Benchmark(et)ing Nonsense IOPS Comparisons, if you insist – Nutanix AOS 4.6 outperforms VSAN 6.2

As many of you know, I’ve taken a stand with many other storage professionals to try to educate the industry that peak performance is vastly different to real world performance. I covered this in a post titled: Peak Performance vs Real World Performance.

I have also given a specific example of Peak Performance vs Real World Performance with a Business Critical Application (MS Exchange) where I demonstrate that the first and most significant constraining factor for Exchange performance is compute (CPU/RAM) so achieving more IOPS is unnecessary to achieve the business outcome (which is supporting a given number of Exchange mailboxes/message per day).

However vendors (all of them) who offer products which provide storage, whether it is as a component such as in HCI or a fully focused offering, continue to promote peak performance numbers. They do this because the industry as a whole has and continues to promote these numbers as if they are relevant and trying to one-up each other with nonsense comparisons.

VMware and the EMC federation have made a lot of noise around In-Kernel being better performance than Software Defined Storage running within a VM which is referred to by some as a VSA (Virtual Storage Appliance). At the same time the same companies/people are recommending business critical applications (vBCA) be virtualized. This is a clear contradiction, as I explain in an article I wrote titled In-Kernel verses Virtual Storage Appliance which in short concludes by saying:

…a high performance (1M+ IOPS) solution can be delivered both In-Kernel or via a VSA, it’s simple as that. We are long past the days where a VM was a significant bottleneck (circa 2004 w/ ESX 2.x).

I stand by this statement and the in-kernel vs VSA debate is another example of nonsense comparisons which have little/no relevance in the real world. I will now (reluctantly) cover off (quickly) some marketing numbers before getting to the point of this post.

VMware VSAN 6.2

Firstly, Congratulations to VMware on this release. I believe you now have a minimally viable product thanks to the introduction of software based checksums which are essential for any storage platform.

VMW Claim One: For the VSAN 6.2 release, “delivering over 6M IOPS with an all-flash architecture”

The basic math for a 64 node cluster = ~93700 IOPS / node but as I have seen this benchmark from Intel showing 6.7Million IOPS for a 64 node cluster, let’s give VMware the benefit of the doubt and assume its an even 7M IOPS which equates to 109375 IOPS / node.

Reference: VMware Virtual SAN Datasheet

VMW Claim Two: Highest Performance >100K IOPS per node

The graphic below (pulled directly from VMware’s website) shows their performance claims of >100K IOPS per node and >6 Million IOPS per cluster.

Reference: Introducing you to the 4th Generation Virtual SAN

Now what about Nutanix Distributed Storage Fabric (NDSF) & Acropolis Operating System (AOS) 4.6?

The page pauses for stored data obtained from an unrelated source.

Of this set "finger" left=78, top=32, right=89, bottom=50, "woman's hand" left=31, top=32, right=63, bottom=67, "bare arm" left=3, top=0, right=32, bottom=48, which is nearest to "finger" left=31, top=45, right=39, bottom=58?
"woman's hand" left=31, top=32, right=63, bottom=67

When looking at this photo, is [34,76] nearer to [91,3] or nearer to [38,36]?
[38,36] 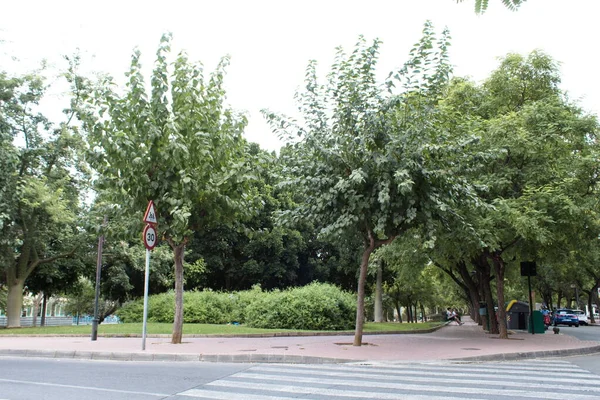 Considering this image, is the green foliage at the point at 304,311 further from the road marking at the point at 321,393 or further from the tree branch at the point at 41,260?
the road marking at the point at 321,393

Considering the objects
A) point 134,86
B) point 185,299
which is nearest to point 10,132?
point 185,299

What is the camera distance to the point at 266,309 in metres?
23.0

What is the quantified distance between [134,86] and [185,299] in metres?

We’re now at the point where the hardware is becoming the bottleneck as we are saturating the performance of physical Intel S3700 enterprise-grade solid state drives (SSDs) on many of our hybrid nodes. As such we have moved onto performance testing of our NX-9460-G4 model which has 4 nodes running Haswell CPUs and 6 x Intel S3700 SSDs per node all in 2RU.

With AOS 4.6 running ESXi 6.0 on a NX9460-G4 (4 x NX-9040-G4 nodes), Nutanix are seeing in excess of 150K IOPS per node, which is 600K IOPS per 2RU (Nutanix Block).

The below graph shows performance per node and how the solution scales in terms of performance up to a 4 node / 1 block solution which fits within 2RU.

NOS46Perf

So Nutanix AOS 4.6 provides approx. 36% higher performance than VSAN 6.2.

(>150K IOPS per NX9040-G4 node compared to <=110K IOPS for All Flash VSAN 6.2 node)

It should be noted the above Nutanix performance numbers have already been improved upon in upcoming releases going through performance engineering and QA, so this is far from the best you will see.

but-wait-theres-more

Enough with the nonsense marketing numbers! Let’s get to the point of the post:

These 4k 100% random read IOPS (and similar) tests are totally unrealistic.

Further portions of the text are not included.